_RECORDED INFORMATION_.
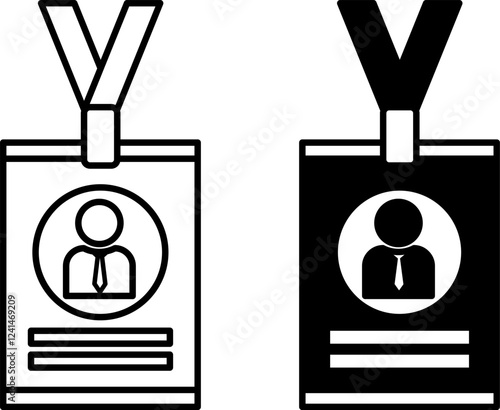 Press Badge Icons. Black and White Vector Icons. Accessory for Quick Recognition of Correspondent or Reporter. Journalism Concept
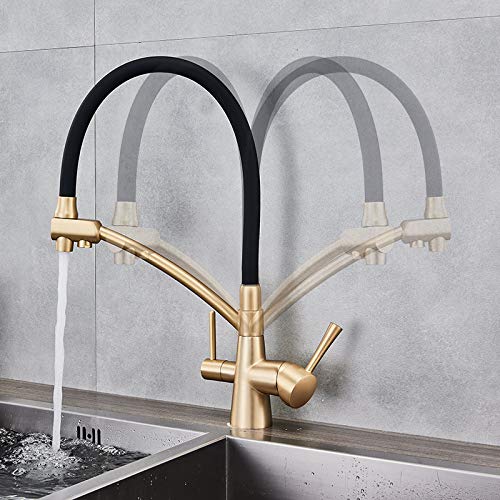 YJRIC Kitchen fau cet Uythner Kitchen Purification Flexible Rotated Kitchen Faucet Dual Spout Dual Handles Mixer Tap Hot and Cold Pure Water Mixer,Antique Bronze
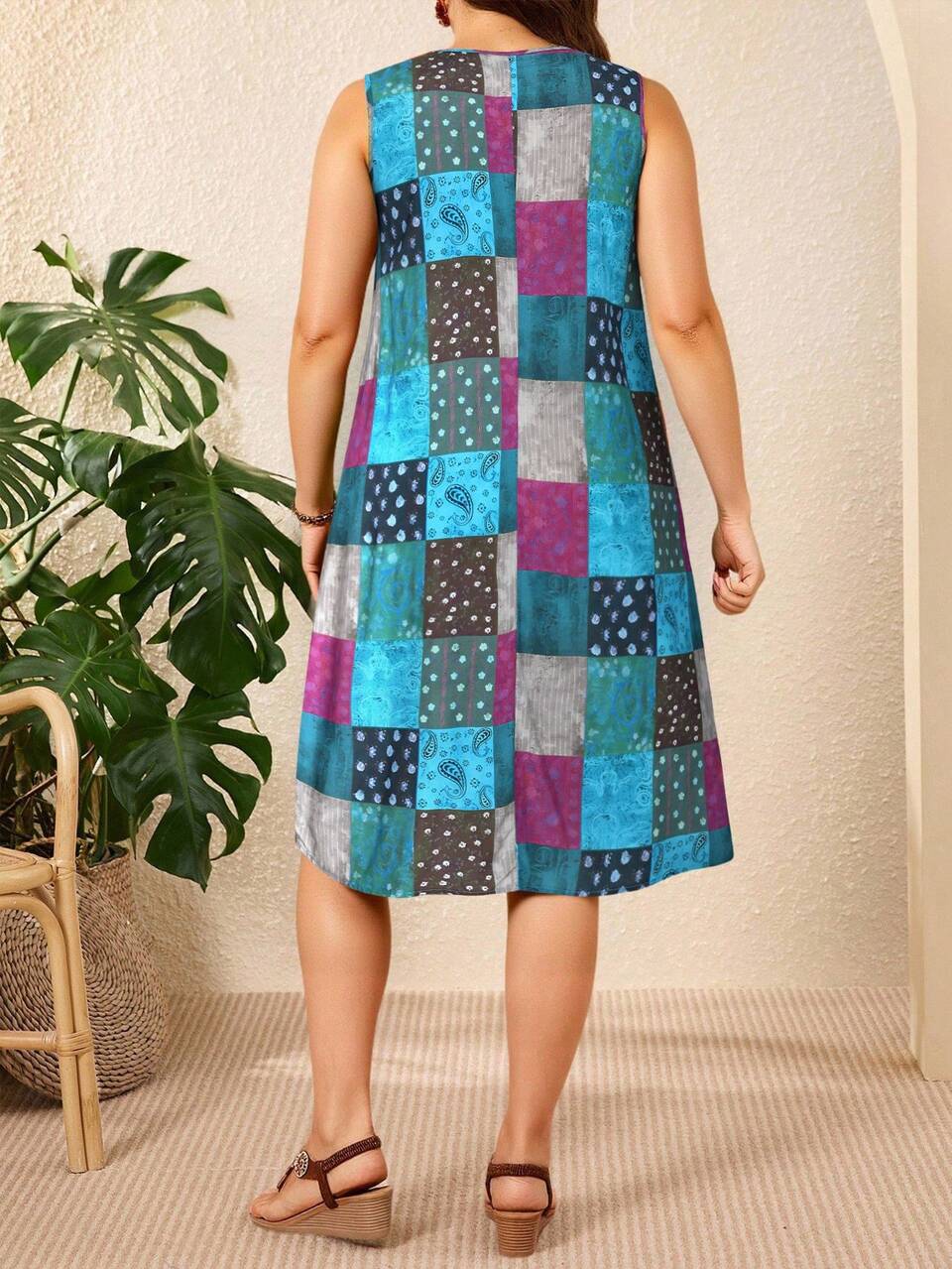 Plus Size Leisure Patchwork Printed Sleeveless Dress,Boho For Women/Summer,Western Wear Women,Vacation Outfits Woman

_ACTIVITY_. Leave out the pictures, and write out all the remaining data above exactly.

_RESULT OF THE EXERCISE_.
 Press Badge Icons. Black and White Vector Icons. Accessory for Quick Recognition of Correspondent or Reporter. Journalism Concept
 YJRIC Kitchen fau cet Uythner Kitchen Purification Flexible Rotated Kitchen Faucet Dual Spout Dual Handles Mixer Tap Hot and Cold Pure Water Mixer,Antique Bronze
 Plus Size Leisure Patchwork Printed Sleeveless Dress,Boho For Women/Summer,Western Wear Women,Vacation Outfits Woman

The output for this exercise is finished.